Meeting up with university friends in Browns for our annual Christmas lunch.
Meeting Warmth's brother and wife who live near us in their newly renovated local pub.
Getting ready for a family Christmas gathering. Lots of cooking, cleaning and decorating in advance. Much fun on the day. And many left overs to nibble on afterwards.
Travelling back to West London and back in time to leaving drinks for a former colleague. Lots of memories and catching up.
Meeting up with a dear friend to discover she and her family are going to be moving to Singapore in the summer. We don't see alot of each other but I will really miss our six monthly meet ups in Angel over supper and a bottle of wine.
A quiet weekend together ending with Sunday afternoon tea at Warmth' s parents. Mince pies, tea loaf and warming tea.
Finally the end of term. Celebrating by meeting a dear friend for mooching, Wahaca and cocktails.
Meeting my dear old colleagues for a celebratory supper and catch up. Each time we meet we say 'oh I miss you'. Then a hop across the river to catch up with other dear friends reuniting. Finally the last train home.
A lovely Christmas Eve with Warmth. Leisurely morning then into town to Dickens' house for a reading of A Christmas Carol, mulled wine, mince pies and a good old nose around his house.
A cold and quiet walk to London Bridge to meet Brother for drinks. Alas chosen pub was closed. Off to where they live. Alas their local pub was closed. So back home for a Christmas Eve drink.
Christmas Day. Opening gifts in front of the fire with a delicious cup of tea. Part of the Warmth family, with Granny Warmth came for bucks fizz & biscuits. Then some of us walked to the other brother's so we were all together for a lovely delicious family Christmas day.
Boxing Day a drive to Kent to my family. A cold Christmas meal, more pudding, brandy butter, fizz, wine, laughter and family.
Meeting friends in Blackheath for lunch, just a salad for me please, at The Railway.
Meeting Warmth for a Friday Late at Tate Modern viewing Gerhard Richter and then on for tapas at Brindisa
A re arranged New Years' Eve. Now just Warmth and I. We're going to the matinee of The Pitman Painters then a cocktail before being back in our new home for spaghetti carbonara and bubbles to welcome in 2012.
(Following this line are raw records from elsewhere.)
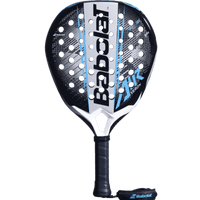 Babolat Air Veron 2.6 2026 - Padelup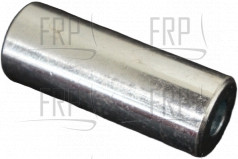 Bushing, Arm Axle - Product Image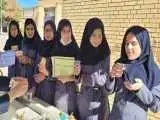 بیمه سلامت مکمل های این گروه ها را تامین می کند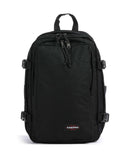 Eastpak Cabin Pak'R Matkaselkäreppu black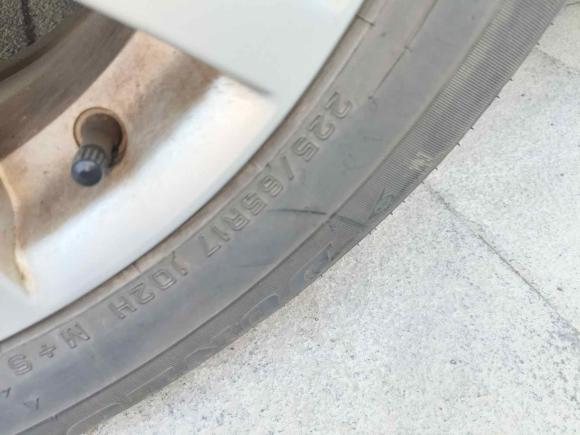 [宁波·浙B] 二手日产奇骏2019款 2.0L CVT舒适版 2WD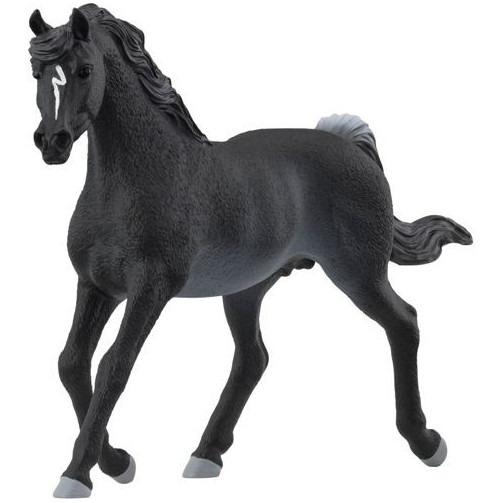 schleich_horse_club_13981_arabian_stallion_4059433753676_oferta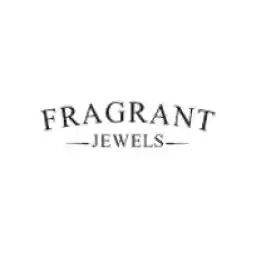Garden Party Sale - Buy 3 Items, Get 2 Free at Fragrant Jewels Garden Party Sale - Buy 3 Items, Get 2 Free at Fragrant Jewels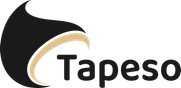 tapeso.nl logo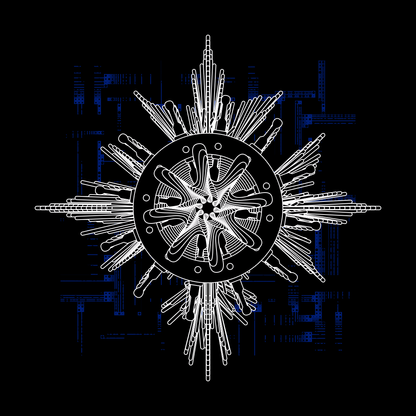 Joyful void angels pack / 9 loops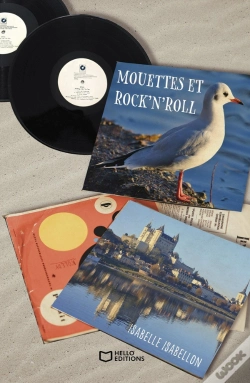 Capa do artigo Mouettes Et Rock'N'Roll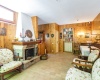 Falconara Periferia, 4 Camere Camere, ,2 BagniBagni,Villa,In Vendita,1140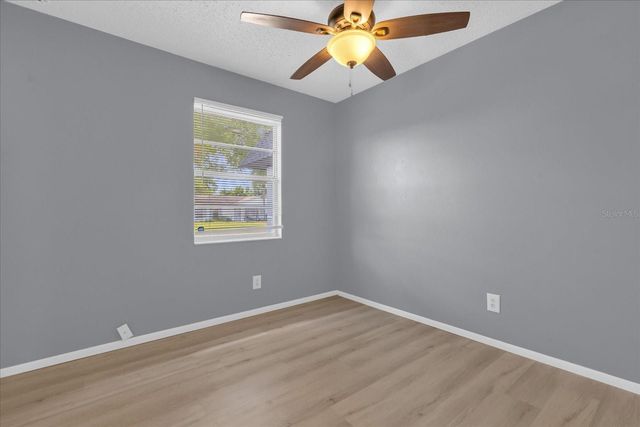 303 DILLON STREET, Winter Haven, FL 33880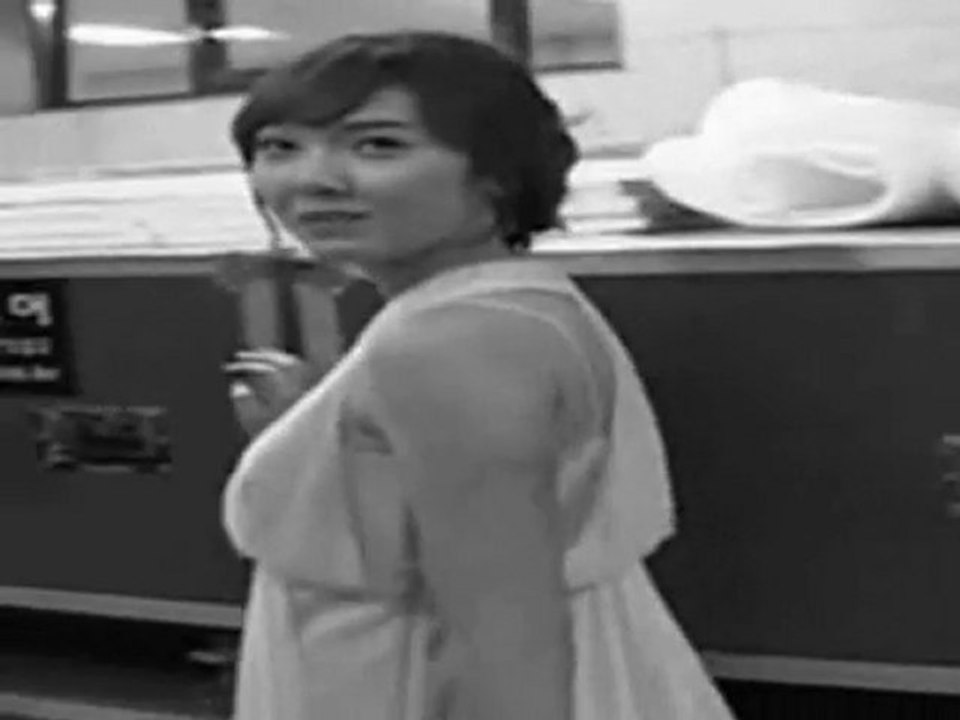İyiki Doğdun Jessica'mm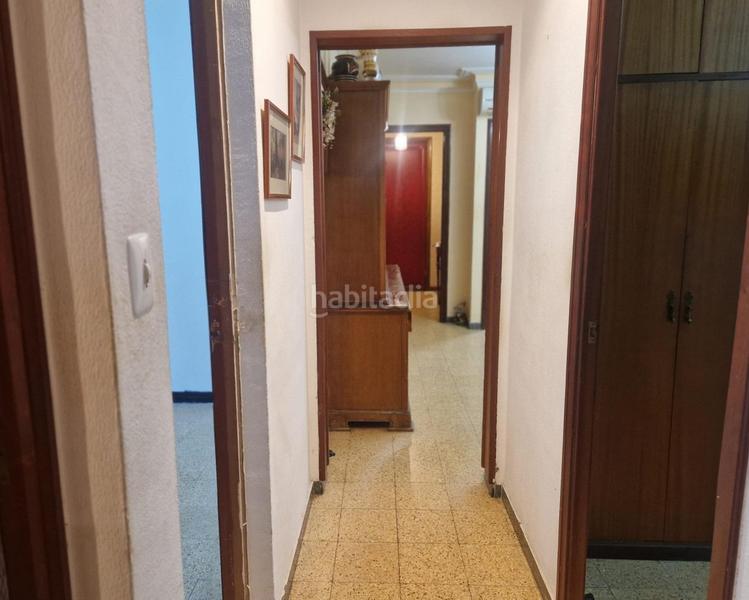 Foto 1f3da23b-de92-402a-a069-d09c8e40b43d. Appartamento in verge maria 4 in Mestral Reus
Baking for Christmas gathering shepherd's pie. Nigella's courgette fritters, Yule log, a rebake of the plum and orange cake from River Cafe Easy. Mother kindly brought along the family favourite of Bethlehem Star Pie. Nigella's Gold Dust biscuits as gifts for friends with a glittery bird attached just incase there wasn't enough sparkle. Chestnut and Lentil soup for Christmas Eve. Stilton and walnut biscuits for Christmas Day.
Books read The Virgin Suicides by Jeffrey Eugenides for book club. Little Women and Good Wives by Louise May Alcott for Florence Finds book club.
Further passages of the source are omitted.